Meine ersten Erfahrungen mit einem Flipchart machte ich vor mehr als 30 Jahren, gegen Mitte / Ende der 80er Jahre. Damals studierte ich Erziehungswissenschaften mit dem Schwerpunkt Sozialpädagogik an der Technischen Universtität Berlin. Eine der wichtigsten Veranstaltungen, an die ich mich bis heute erinnere, war das Diplomanden-Kolloquium bei C.W. Müller. Wir trafen uns während des Semesters immer dienstags vormittags in seinem Büro, es war ziemlich eng. Am Fenster stand sein Schreibtisch, die Wände waren voller Bücherregale. Dazwischen ein langer, schmaler Tisch. Wenn alle ihren Kaffee hatten – C.W. kochte für uns immer Filterkaffee, stellte Milch und Zucker auf den Tisch – ging es los. Reihum hatten wir Studierende die Aufgabe, den anderen unsere Diplomarbeitsidee vorzustellen. Das wurde dann ausgiebig in der Gruppe diskutiert. C.W. ließ uns erstmal erzählen, stellte Verständnisfragen, griff selten in die Diskussion ein.
Das Hauptproblem auf diesen Sitzungen war – so meine Erinnerungen – daß die meisten Arbeiten interessegeleitet waren. Wir hatten alle irgendwo entsprechend unserer Wünsche und Vorlieben in einer Einrichtung der Sozialen Arbeit ein Praktikum absolviert, wir fanden diese Einrichtung gut und wollten darüber unsere Arbeit schreiben. Unsere Diskussionen kreisten regelmässig um die Frage, um was genau es in dieser Arbeit dann gehen sollte. Meistens an dieser Stelle griff C.W. ein. Er griff sich einen Filzer, ging zum Flipchart und schrieb eine Überschrift: „Stadtteilarbeit in Schöneberg“ oder „Karate in der Sozialen Arbeit mit Jugendlichen“ oder „Suchtberatung bei Heroinabhängigen“ … was eben das Thema war. Und dann folgte in der Regel eine messerscharfe Frage: „Was genau ist denn das Problem?“ So entwickelten wir Stück für Stück anhand konkreter Fragestellungen das übliche Instrumentarium des wissenschaftlichen Arbeitens. Problem – Stand der Forschung – Hypothese – Methodologie – Untersuchung – Ergebnisse – Bewertung.

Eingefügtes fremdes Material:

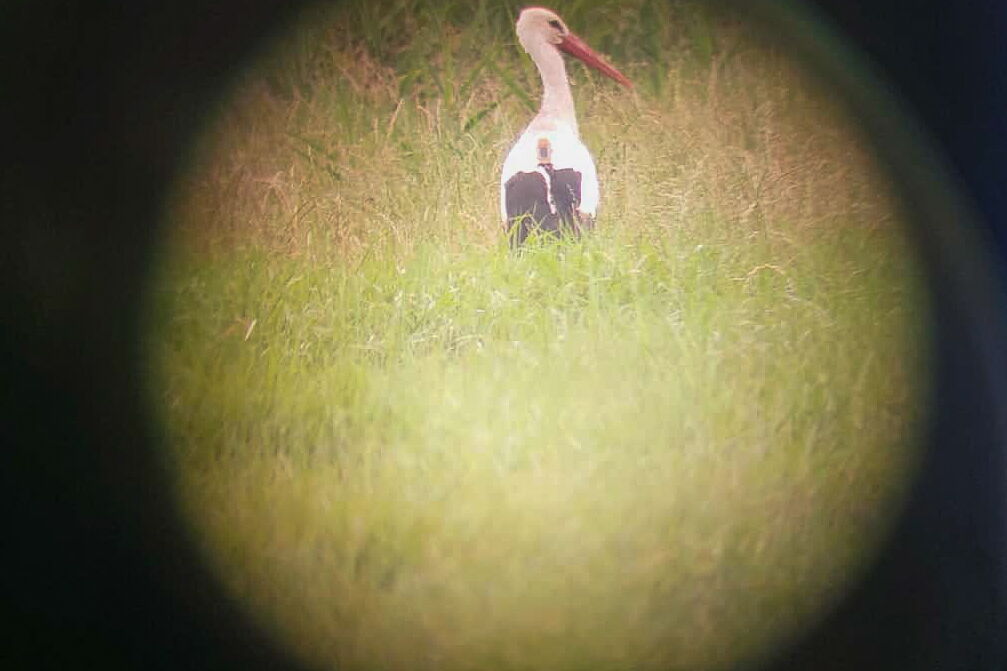 Sicht durch ein Fernglas, darin zu sehen ein Weißstorch auf Wiese
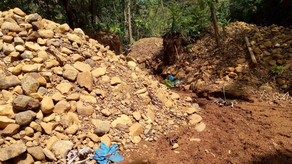 Colón, extracción de oro: MiAmbiente denuncia minería ilegal Colón, extracción de oro: MiAmbiente denuncia minería ilegal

Am Ende des Kolloquiums riss C.W. das vollgeschriebene Papier vom Flipchart und überreichte es dem Studierenden mit dem Satz: „Hier, schenke ich Dir!“ Meistens enthielt dieses Papier eine von uns allen gemeinsam erarbeitete fertige Grobstruktur der geplanten Diplomarbeit und wer sich mehr oder weniger daran hielt, musste sich um seine Diplomarbeit keine großen Sorgen mehr machen. Mit selbst ging es nicht viel anders.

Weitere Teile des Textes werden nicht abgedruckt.